Mit Beschluss vom 9. September 2025 (Az. 5 AZN 142/25) hat das Bundesarbeitsgericht (BAG) die seit Langem umstrittene Frage der richterlichen Nachberatung präzisiert und dabei die Telefonkonferenz als zulässige Form der Beratung bestätigt. Das Gericht stellte klar, dass die Einführung der Videokonferenztechnik durch das Gesetz vom 19. Juli 2024 (BGBl. I Nr. 222) die bisherige Praxis nicht verdrängt. Betont wird die unbedingte Notwendigkeit der vollständigen Besetzung des Spruchkörpers.
Kernaussage der Entscheidung
Auch nach der Neufassung von § 193 Abs. 1 GVG und dem neuen § 9 Abs. 2 S. 2 Nr. 2 ArbGG (seit 19. Juli 2024) dürfen Gericht und Richter – sofern alle zustimmen – nachträgliche Beratungen und Abstimmungen über die Wiedereröffnung der mündlichen Verhandlung auch telefonisch durchführen, wenn das Urteil zwar bereits beraten und abgestimmt, aber noch nicht verkündet wurde.

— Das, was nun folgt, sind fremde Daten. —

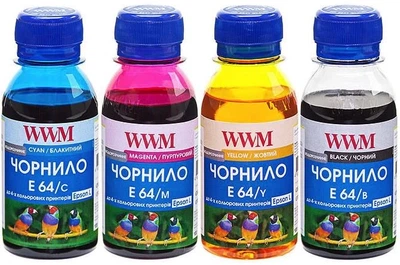 Набор чернил WWM E64 для Epson 4x100 мл B/C/M/Y (E64SET4-2)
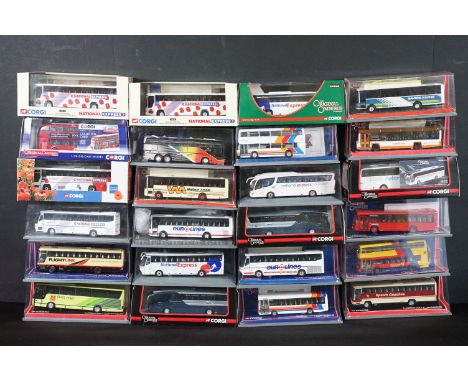 24 Boxed / cased Corgi Original Omnibus diecast model buses to include Limited Edition (OM46102, OM46209B, OM46208B, OM46610A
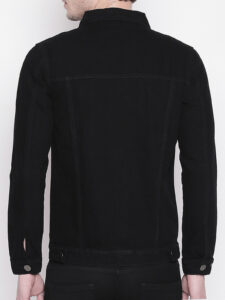 Men Black Cotton Trucker Jacket - Image 3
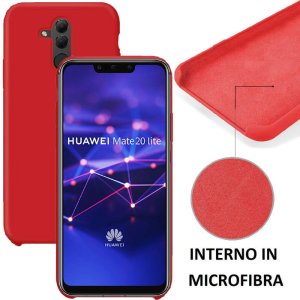 CUSTODIA per HUAWEI MATE 20 LITE IN SILICONE CON EFFETTO SOFT TOUCH ED INTERNO IN MICROFIBRA COLORE ROSSO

Conclusio: Telefonkonferenz bleibt zulässig
Seit dem 19. Juli 2024 erlaubt das „Gesetz zur Förderung des Einsatzes von Videokonferenztechnik“ elektronische Beratungen von Gerichten: Nach § 193 Abs. 1 GVG dürfen Beratung und Abstimmung mit Zustimmung aller Richter per Bild- und Tonübertragung erfolgen, sofern das Beratungsgeheimnis gewahrt bleibt. § 9 Abs. 2 S. 2 Nr. 2 ArbGG stellt klar, dass dies nicht für die erstmalige gemeinsame Beratung mit ehrenamtlichen Richtern gilt. Bereits zuvor hatte das BAG (Urt. v. 14.04.2015 – 1 AZR 223/14) Nachberatungen per Telefonkonferenz für zulässig erklärt.
Das Gericht wahrt damit die Flexibilität der Justiz, indem es bewährte Kommunikationsformen beibehält und zugleich den modernen Digitalisierungsrahmen integriert.

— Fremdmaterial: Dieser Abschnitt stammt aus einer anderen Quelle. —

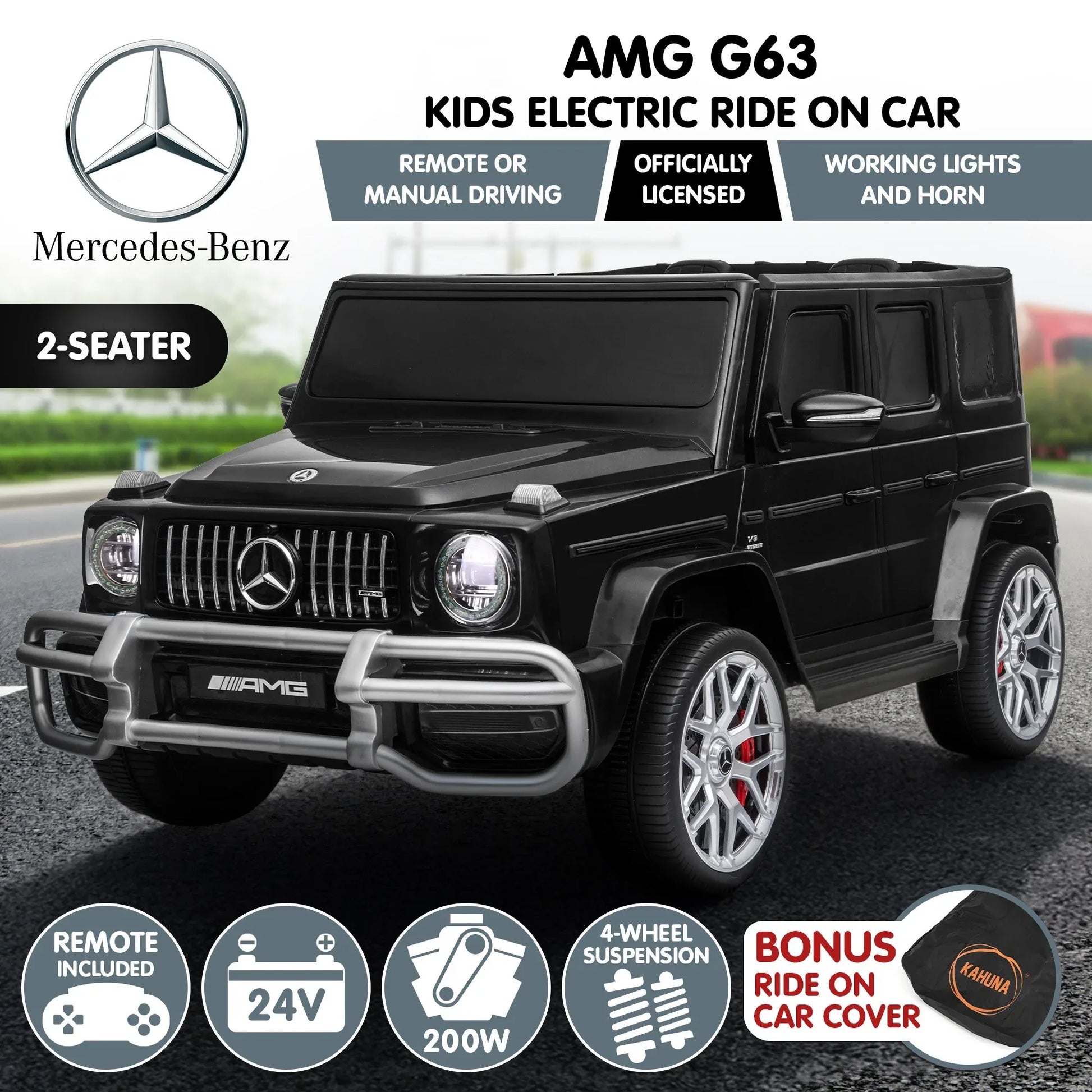 Kahuna Mercedes Benz AMG G63 Kids Electric Two Seater Ride On Car with Remote Control - Mekamart Australia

Voraussetzungen für Telefonkonferenzen
Das BAG stellt klare Anforderungen für die Durchführung von Nachberatungen per Telefonkonferenz auf:
- Einverständnis aller Richter: Alle beteiligten Richter müssen mit der telefonischen Beratung einverstanden sein. Diese Zustimmung ist unverzichtbare Voraussetzung.
- Möglichkeit zur Präsenzberatung: Es muss sichergestellt sein, dass jederzeit in eine mündliche Beratung im Beisein aller Richter eingetreten werden kann, falls ein Richter dies wünscht oder ein neuer Gesichtspunkt es erfordert.

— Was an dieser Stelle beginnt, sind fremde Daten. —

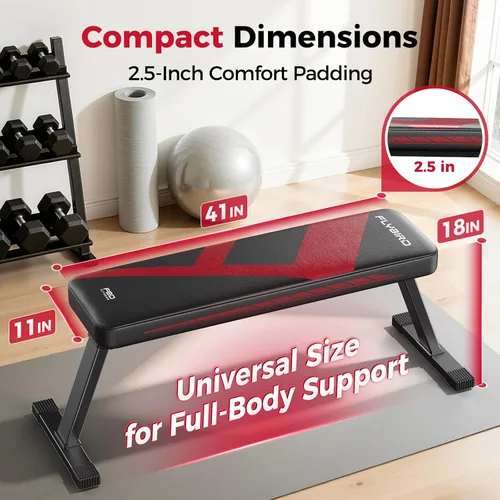 Miniatura 4 de FLYBIRD Foldable Flat Weight Bench for Home Gym, 600/1000 lbs Capacity with Dual Locking for Strength Training, Easy Setup & Storage for Small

- Technische Anforderungen: Die Telefonkonferenz muss so durchgeführt werden, dass alle Teilnehmer gleichzeitig miteinander kommunizieren können und jeder die gesamte Kommunikation mithört.
Strenge Anforderungen an die Gerichtsbesetzung
Der Beschluss betont erneut die zwingende Beteiligung aller Richter – auch der ehrenamtlichen – bei der Entscheidung über die Wiedereröffnung der mündlichen Verhandlung bis zur Urteilsverkündung. Fehlt ihre Mitwirkung, liegt ein absoluter Revisionsgrund (§ 72 Abs. 2 Nr. 3 ArbGG i.V.m. § 547 Nr. 1 ZPO) und ein Verstoß gegen Art. 101 Abs. 1 S. 2 GG vor, der zur Aufhebung des Urteils führt. Im konkreten Fall hätte das Gericht wegen der Abwesenheit eines ehrenamtlichen Richters alternative Teilnahmeformen oder eine Terminverschiebung prüfen müssen.
Konsequenzen für die Prozesspraxis
Der Beschluss ist ein Weckruf für Verfahrensbeteiligte: Die Einhaltung der formellen Anforderungen an die Gerichtsbesetzung ist kein Formalismus, sondern elementarer Bestandteil des rechtlichen Gehörs und der richterlichen Legitimation.
Für Prozessvertreter ergeben sich daraus konkrete Handlungsempfehlungen:
- Nachgereichte Schriftsätze nach Schluss der mündlichen Verhandlung können eine Nachberatung erzwingen. Ihre gezielte Einreichung sollte strategisch bedacht werden.
- Akteneinsicht kann aufschlussreich sein, um Vermerke zur Zusammensetzung des Spruchkörpers bei Nachberatungen zu prüfen.
- Besetzungsrügen sind bei Zweifeln an der Mitwirkung aller Richter frühzeitig und konsequent zu erheben. Sie führen bei Erfolg zur unmittelbaren Aufhebung des Urteils, ohne dass eine Kausalitätsprüfung erforderlich wäre.
Tipp: Für die anwaltliche Praxis bedeutet dies, die ordnungsgemäße Gerichtsbesetzung aktiv zu überwachen und mögliche Abweichungen sorgfältig zu dokumentieren. Ein vermeintlich kleiner Verfahrensfehler kann sonst einen materiell-rechtlichen Erfolg zunichtemachen.
Zusammenfassung
Das BAG hat die Zulässigkeit der Nachberatung per Telefonkonferenz ausdrücklich bestätigt und sie als gleichwertige Option neben der Videokonferenz etabliert. Entscheidend bleibt jedoch die vollständige Besetzung des Spruchkörpers: Eine nur vorübergehende Verhinderung eines Richters rechtfertigt keinen Ausschluss von der Beratung.